Die jungen Freunde stiegen in den Keller hinab und machten es sich auf dem Strohsack bequem, auf dem schon Nächte zuvor auch alle anderen Posten bezogen. Sie setzten sich so, dass sie den Wein genau im Blickfeld hatten. An diesem Tag füllte sich der Biervulkan nicht, wie gewohnt. Die Familien saßen daheim, warteten auf den Lichterpiraten und feierten ausgelassen zu Hause. Den beiden wurde es langweilig. Die Zeit verging einfach nicht. Müdigkeit kam auf. So entschied einer der beiden, doch mal ein kleines Bierchen für jeden aus dem Fass abzuzapfen, um wieder munter zu werden. Ihr ahnt sicher, dass es nicht bei einem Bier blieb. Hätte in dieser Nacht tatsächlich ein Einbruch stattfinden sollen, hätten sie den Einbrecher durch ihr Lärmen verscheucht. Die Freunde waren so angetrunken, dass sie sich über ihre eigenen Wortspiele krumm und schief lachten. „Wein achten, rein brachten, ein krachten, ein machten, …“ Ich weiß, es ist für uns, die wir nüchtern sind, wirklich nicht lustig. Für die beiden war der Spaß auch bald vorbei, denn sie fielen ins Stroh und schliefen Arm in Arm ein.
Am Morgen darauf stieg Tortellini in den Keller hinab und fand die Helden noch im Schlaf vor, laut schnarchend. Zuerst musste er schmunzeln, denn sie ähnelten irgendwie dem Fliegenden Spaghettimonster in ihren Verknotungen. Als ihm dann aber die Bierfahnen in die Nase stiegen, wurde er böse und weckte sie unsanft. Sie schraken hoch. „Wir haben auf den Wein geachtet.“, war kleinlaut zu vernehmen. Der Wirt fauchte zurück: „Ihr solltet auch auf das Bier achten! Macht euch bloß vom Acker.“ Viel Zeit konnte er nicht vertrödeln. Die Küche rief.
Das Monster muss wohl gelegentlich mal ein Auge auf dieses Dorf und seine Bewohner werfen, denn ein paar Tage später bezog zum Jahreswechsel ein Fremder mit Familie eines der Gästezimmer. Als unser Stammtisch tagte und etwas zu laut über die Wache der jungen Freunde debattierte, bekam er genug mit, um sich einen Reim darauf zu machen.

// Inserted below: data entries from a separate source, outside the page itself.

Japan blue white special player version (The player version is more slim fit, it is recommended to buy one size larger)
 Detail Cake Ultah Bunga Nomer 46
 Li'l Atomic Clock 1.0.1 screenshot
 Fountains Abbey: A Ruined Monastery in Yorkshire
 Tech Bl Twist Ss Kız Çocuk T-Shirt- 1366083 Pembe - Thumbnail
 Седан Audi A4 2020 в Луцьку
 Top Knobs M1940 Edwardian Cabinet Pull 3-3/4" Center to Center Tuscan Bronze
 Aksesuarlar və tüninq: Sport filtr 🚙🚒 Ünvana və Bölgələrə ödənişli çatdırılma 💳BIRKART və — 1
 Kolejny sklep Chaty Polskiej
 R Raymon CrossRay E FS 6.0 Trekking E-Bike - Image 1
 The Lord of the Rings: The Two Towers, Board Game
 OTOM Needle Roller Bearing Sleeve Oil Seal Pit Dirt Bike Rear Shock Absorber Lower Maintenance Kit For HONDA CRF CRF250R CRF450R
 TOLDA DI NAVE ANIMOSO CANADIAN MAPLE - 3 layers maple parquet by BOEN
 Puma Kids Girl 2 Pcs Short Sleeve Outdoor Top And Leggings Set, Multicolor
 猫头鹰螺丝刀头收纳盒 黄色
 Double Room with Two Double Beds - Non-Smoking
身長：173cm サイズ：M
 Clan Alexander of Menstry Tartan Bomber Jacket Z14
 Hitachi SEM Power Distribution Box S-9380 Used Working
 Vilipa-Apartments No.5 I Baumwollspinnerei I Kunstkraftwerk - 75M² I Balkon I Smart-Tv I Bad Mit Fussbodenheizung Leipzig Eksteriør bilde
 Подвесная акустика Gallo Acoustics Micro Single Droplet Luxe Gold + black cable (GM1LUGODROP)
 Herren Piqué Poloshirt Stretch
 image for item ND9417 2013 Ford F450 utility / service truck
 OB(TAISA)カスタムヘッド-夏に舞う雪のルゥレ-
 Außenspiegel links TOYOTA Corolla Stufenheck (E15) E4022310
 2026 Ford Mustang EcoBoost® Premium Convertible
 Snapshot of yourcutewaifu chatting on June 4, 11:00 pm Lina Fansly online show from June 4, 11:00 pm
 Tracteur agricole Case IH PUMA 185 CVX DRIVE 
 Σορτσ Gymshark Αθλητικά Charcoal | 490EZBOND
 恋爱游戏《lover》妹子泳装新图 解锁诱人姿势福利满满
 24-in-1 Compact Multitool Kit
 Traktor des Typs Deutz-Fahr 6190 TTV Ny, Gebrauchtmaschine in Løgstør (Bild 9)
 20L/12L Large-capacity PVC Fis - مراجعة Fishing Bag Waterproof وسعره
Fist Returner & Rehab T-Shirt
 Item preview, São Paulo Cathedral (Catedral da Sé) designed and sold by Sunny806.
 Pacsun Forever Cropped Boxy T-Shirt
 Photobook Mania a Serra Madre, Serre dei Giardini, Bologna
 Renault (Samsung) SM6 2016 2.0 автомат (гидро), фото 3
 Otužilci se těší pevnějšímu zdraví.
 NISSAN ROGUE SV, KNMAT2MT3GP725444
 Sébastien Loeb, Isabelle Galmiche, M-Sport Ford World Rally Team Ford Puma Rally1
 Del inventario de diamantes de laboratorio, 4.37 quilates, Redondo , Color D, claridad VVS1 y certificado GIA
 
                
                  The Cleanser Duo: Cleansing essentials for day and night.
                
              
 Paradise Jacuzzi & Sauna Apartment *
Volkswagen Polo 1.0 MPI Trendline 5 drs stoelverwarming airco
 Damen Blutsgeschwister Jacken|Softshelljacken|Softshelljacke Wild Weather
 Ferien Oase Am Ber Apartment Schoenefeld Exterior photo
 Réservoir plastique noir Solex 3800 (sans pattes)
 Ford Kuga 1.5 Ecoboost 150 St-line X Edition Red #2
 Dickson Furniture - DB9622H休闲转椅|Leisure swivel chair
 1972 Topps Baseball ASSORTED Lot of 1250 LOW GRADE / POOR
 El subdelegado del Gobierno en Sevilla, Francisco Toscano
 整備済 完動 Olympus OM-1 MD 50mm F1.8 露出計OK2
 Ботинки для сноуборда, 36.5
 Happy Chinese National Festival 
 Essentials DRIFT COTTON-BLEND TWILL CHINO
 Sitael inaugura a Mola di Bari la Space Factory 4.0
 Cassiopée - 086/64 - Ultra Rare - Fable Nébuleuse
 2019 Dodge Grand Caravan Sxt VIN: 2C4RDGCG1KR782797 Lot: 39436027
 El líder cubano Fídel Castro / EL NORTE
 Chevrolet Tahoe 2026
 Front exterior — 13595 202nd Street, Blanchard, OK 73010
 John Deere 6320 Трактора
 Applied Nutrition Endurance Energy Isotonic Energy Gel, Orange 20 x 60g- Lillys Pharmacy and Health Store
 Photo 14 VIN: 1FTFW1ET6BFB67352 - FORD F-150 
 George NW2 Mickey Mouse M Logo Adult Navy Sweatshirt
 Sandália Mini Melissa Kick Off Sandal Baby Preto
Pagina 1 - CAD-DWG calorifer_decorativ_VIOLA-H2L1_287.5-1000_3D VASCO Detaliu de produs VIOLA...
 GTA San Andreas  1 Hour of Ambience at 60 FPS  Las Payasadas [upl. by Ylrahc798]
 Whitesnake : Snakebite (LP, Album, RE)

Am folgenden Tag sprach er den Wirt auf die Sache an und hatte auch die richtige Lösung parat. Er riet Tortellini, ordentliche Sicherheitsvorkehrungen zu treffen. Ein für jeden zugänglicher Keller, der nur mit einem einfachen Schloss versehen ist, läd gern mal zum Kosten ein. Schon am ersten Abend sah der aufmerksame Gast, wo der Kellerschlüssel deponiert wurde. Es war nicht zu schwer, sich aus der meist überfüllten Schankstube in den Keller zu schleichen, um sich ein paar Gratisgetränke zu gönnen.
Tortellini musste über sich selbst lachen. Warum hatte er diese einfache Wahrheit nicht schon längst selbst erkannt? Aber ist das mit einfachen Wahrheiten nicht oft so? Ist es nicht häufig erst der Blick von außen, der sie sichtbar macht?
Er dankte dem Fremden und spendierte ihm einen Abend lang Freibier. Den Gelegenheitsdieb suchte er nun nicht mehr, sorgte jedoch dafür, dass sein Weinkeller fortan besser gesichert wurde. Verluste hatte er seitdem nicht mehr zu beklagen. Traf sich der Stammtisch, dachte er oft an diese Weisheiten. Dann lächelte er verschmitzt in die Runde und gelegentlich erinnerte er an die Pastatszeit, in der die Fässer wohl undicht gewesen sein müssen.